Google does a frighteningly good job of finding all the stuff you add to your site, but even it will miss some of the darker corners of your online properties. The best way to ensure that the pages you WANT to have crawled are indeed crawled is via a Google Sitemap.
There are lots of solutions to this – you can roll your own, use external crawlers, and install standalone scripts that will do this for you. If you’re using the Drupal platform, there are a number of projects out there you can use. One of the easiest to set up is (logically) called XML Sitemap. Installation is a quick thing:
- Add it to your site by either downloading it and dropping it into your /sites/all/modules folder, or use Drush and simply issue: drush dl xmlsitemap
- Enable at least the following two submodules – XML Sitemap and XML Sitemap Node. This is done either via the Modules section in your browser, or via Drush at the commandline: drush en -y xmlsitemap xmlsitemap_node
- By default it will only include your site root. Now, go to Structure->Content Types and open any content types you want to include. Click the edit link, and navigate to the XML Sitemap section of that content type.

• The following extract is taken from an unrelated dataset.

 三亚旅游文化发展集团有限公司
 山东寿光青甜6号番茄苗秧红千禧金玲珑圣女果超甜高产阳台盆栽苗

Change Disabled to Enabled to include it, and give it a priority based on how often you will be updating it.
- Once completed, create your sitemap by visiting http://example.com/admin/config/search/xmlsitemap.
- Your sitemap will then be available at http://example.com/sitemap.xml
You can then submit it via Webmaster Tools, and can keep it up to date by resubmitting when updates are made by enabling the XML Sitemap Engines module (drush en xmlsitemap_engines). In the configuration for this module, you can choose to resubmit to Google and/or Bing when updates are made to any of your Sitemap content (you’ll want to make sure your site is already registered with them).